⟨

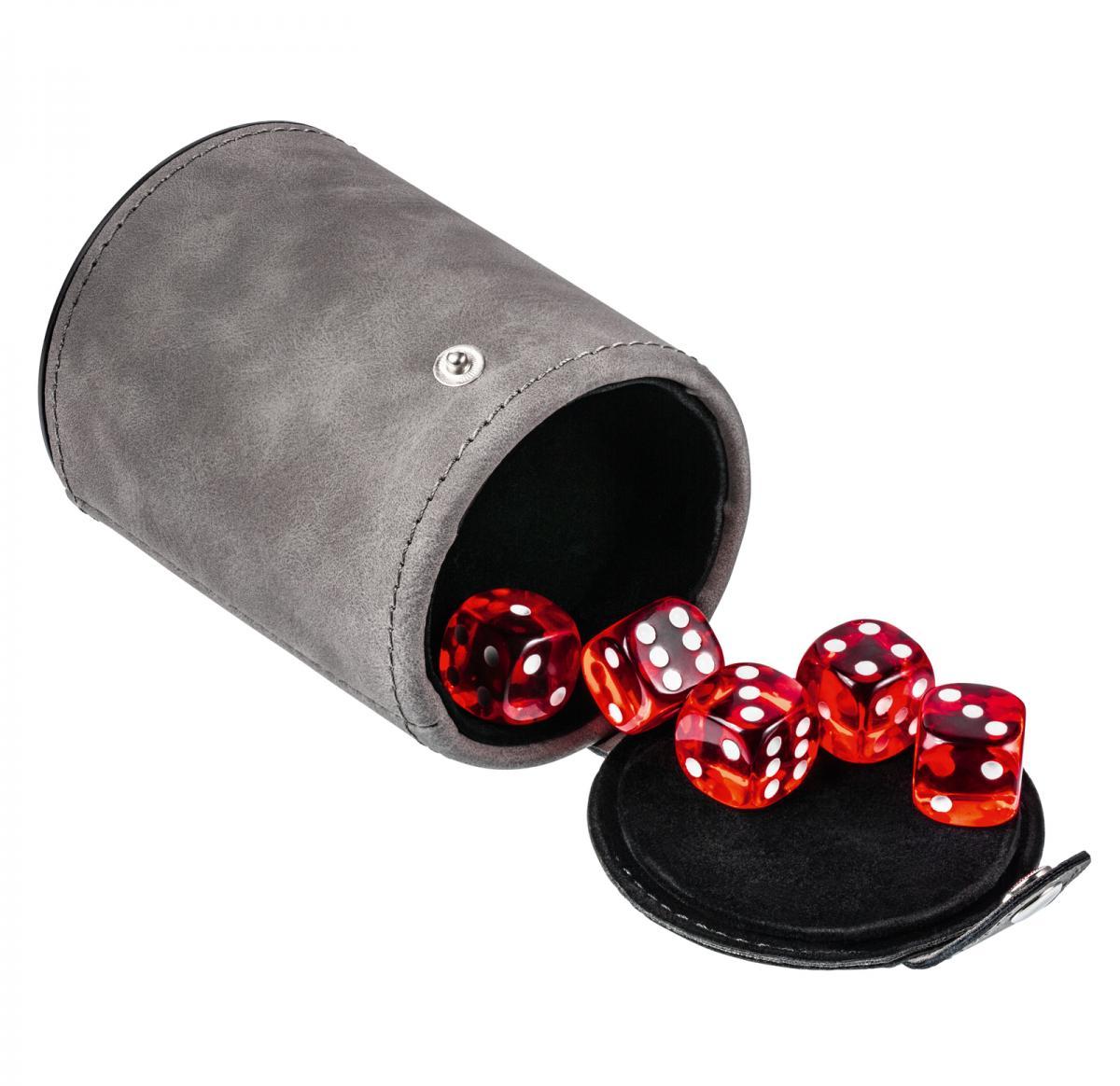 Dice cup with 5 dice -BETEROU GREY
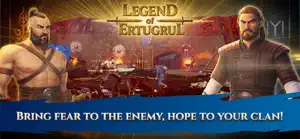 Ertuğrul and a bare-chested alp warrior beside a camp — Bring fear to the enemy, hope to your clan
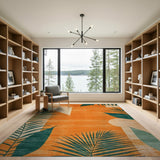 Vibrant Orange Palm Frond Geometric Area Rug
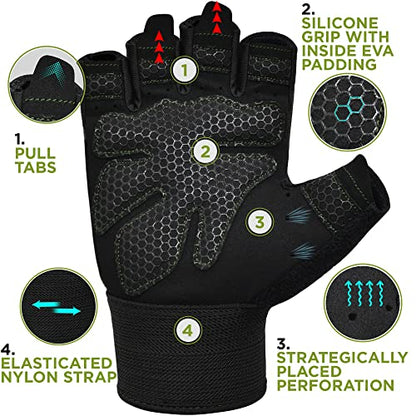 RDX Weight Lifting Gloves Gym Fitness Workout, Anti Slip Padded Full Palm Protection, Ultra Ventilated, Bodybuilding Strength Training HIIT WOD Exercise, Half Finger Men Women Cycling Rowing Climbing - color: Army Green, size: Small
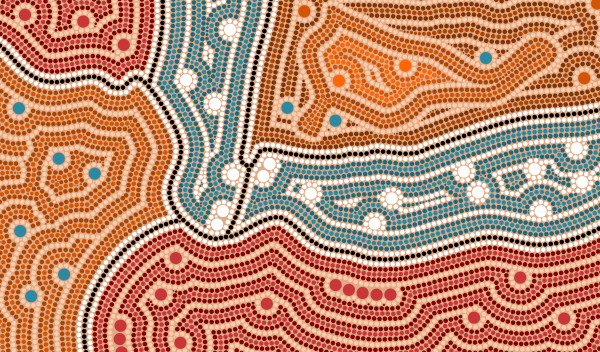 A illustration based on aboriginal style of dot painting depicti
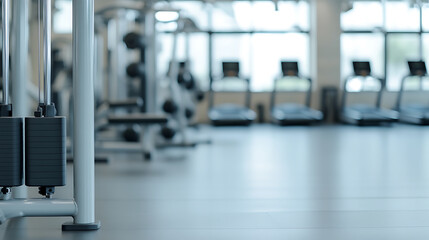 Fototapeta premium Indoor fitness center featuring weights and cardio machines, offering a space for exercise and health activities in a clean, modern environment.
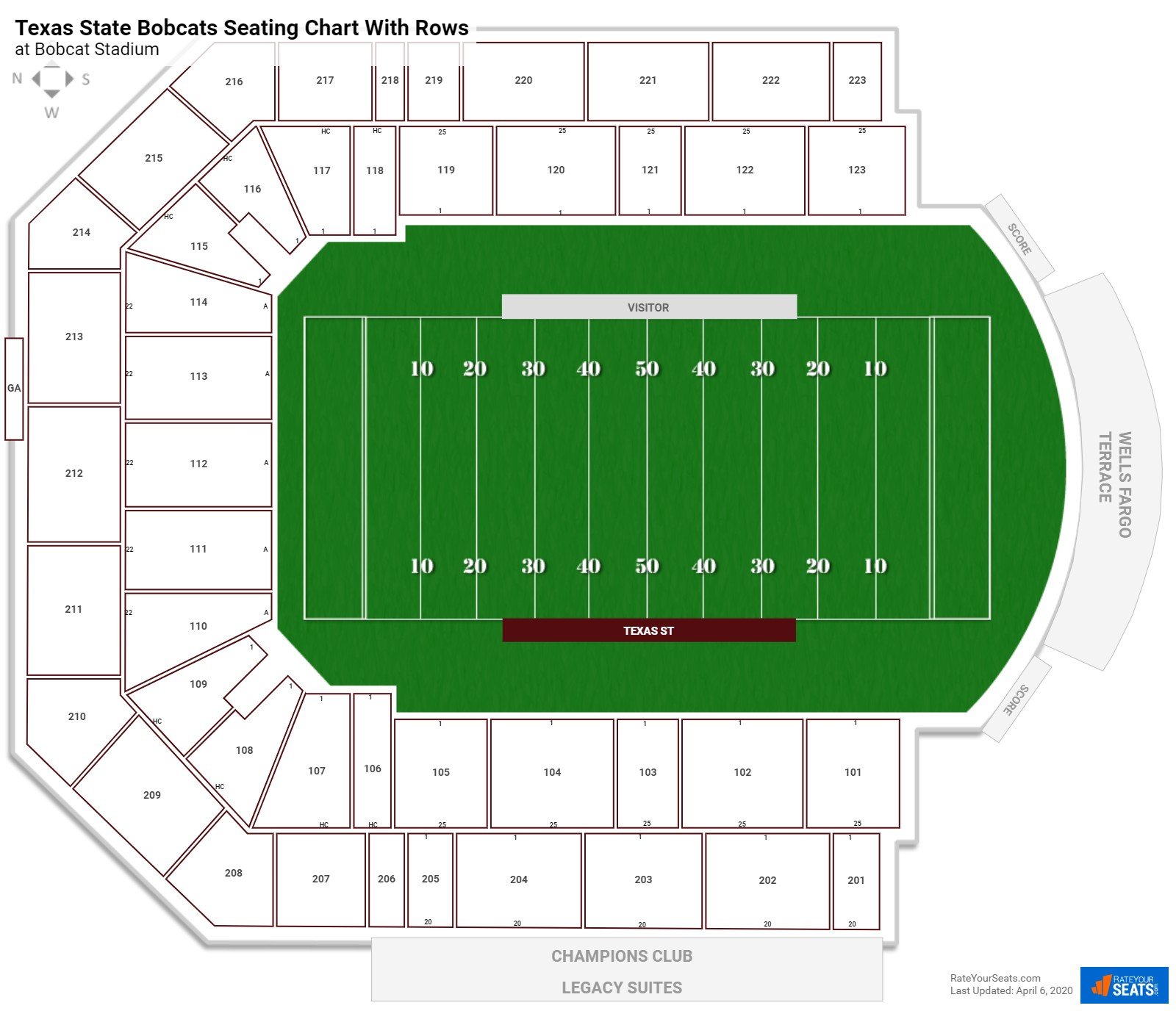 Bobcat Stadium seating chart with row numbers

⟩

▶ **TO DO**
Set down again, exactly, the lines from the one with "Vibrant Orange Palm Frond Geometric Area Rug" to the last line of the data, both included and pictures excluded.

▶ **SOLUTION FOR THIS TASK**
 Vibrant Orange Palm Frond Geometric Area Rug
 RDX Weight Lifting Gloves Gym Fitness Workout, Anti Slip Padded Full Palm Protection, Ultra Ventilated, Bodybuilding Strength Training HIIT WOD Exercise, Half Finger Men Women Cycling Rowing Climbing - color: Army Green, size: Small
 A illustration based on aboriginal style of dot painting depicti
 Fototapeta premium Indoor fitness center featuring weights and cardio machines, offering a space for exercise and health activities in a clean, modern environment.
 Bobcat Stadium seating chart with row numbers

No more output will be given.